According to Her Majesty's Chargé d'Affaires all British subjects in Guatemala are still safe. Damage to British property was caused when the Shell Company installation outside Guatemala City was machine-gunned by an unidentified aircraft on 22nd June.

In addition, the master of the British ship "Spring Fjord" reported to Her Majesty's Chargé d'Affaires on 27th June that his ship was bombed by an unidentified aeroplane and set on fire off the Guatemalan port of San Josée. The crew are safe. Communications with San Josée. are interrupted but Her Majesty's Chargé d'Affaires is endeavouring to obtain further details.

Her Majesty's representatives in neighbouring countries have also been instructed to make urgent inquiries of the Governments concerned in an endeavour to establish the identity of the attacking aircraft.

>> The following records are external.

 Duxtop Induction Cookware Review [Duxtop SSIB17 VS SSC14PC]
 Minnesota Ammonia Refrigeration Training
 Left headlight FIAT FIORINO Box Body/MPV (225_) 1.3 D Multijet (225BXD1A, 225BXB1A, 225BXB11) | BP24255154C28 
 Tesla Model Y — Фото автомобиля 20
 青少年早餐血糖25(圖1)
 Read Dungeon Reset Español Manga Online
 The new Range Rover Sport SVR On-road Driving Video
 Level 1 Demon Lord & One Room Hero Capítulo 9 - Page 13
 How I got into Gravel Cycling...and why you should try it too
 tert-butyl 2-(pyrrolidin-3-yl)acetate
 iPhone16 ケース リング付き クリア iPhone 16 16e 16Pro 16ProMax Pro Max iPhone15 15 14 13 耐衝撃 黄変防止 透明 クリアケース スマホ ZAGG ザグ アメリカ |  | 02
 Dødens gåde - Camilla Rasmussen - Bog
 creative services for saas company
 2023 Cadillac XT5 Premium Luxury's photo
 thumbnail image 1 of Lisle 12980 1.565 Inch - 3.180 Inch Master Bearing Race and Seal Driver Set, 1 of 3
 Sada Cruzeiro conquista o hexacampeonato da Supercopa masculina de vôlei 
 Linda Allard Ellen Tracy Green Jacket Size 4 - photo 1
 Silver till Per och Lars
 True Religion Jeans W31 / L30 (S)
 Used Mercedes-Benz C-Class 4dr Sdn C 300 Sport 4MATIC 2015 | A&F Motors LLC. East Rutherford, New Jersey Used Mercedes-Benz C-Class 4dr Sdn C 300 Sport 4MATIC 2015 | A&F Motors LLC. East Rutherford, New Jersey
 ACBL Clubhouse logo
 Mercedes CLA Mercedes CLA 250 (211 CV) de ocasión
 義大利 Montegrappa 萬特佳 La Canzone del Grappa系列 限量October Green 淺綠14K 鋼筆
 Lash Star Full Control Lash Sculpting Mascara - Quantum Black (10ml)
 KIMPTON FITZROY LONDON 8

In view of these incidents, is it not becoming increasingly evident that this matter concerns nations other than those in Central and South America, and is it not extremely unfortunate, therefore, that Mr. Lodge, chairman of the Security Council, should have made a statement warning off the United Nations from interfering in this situation? Can we take it that it is the policy of the Government that the report that may be received from the fact-finding commission going into Guatemala and the neighbouring countries shall be considered officially by the Security Council?

Has the right hon. and learned Gentleman any information about the nationality of the aircraft which, it was reported recently, had attacked some of the main cities of Guatemala? Is there any indication at all where it came from?

Ought we not to make representations to the United Nations Security Council, therefore, that it ought to make the necessary inquiries to establish the facts?

There is another Question on the Paper about the Security Council, and I will deal with that in answering it.

Why did the British representatives abstain from the most recent vote that the matter should be referred to the Security Council?

There is another Question that we shall come to in a moment about the Security Council.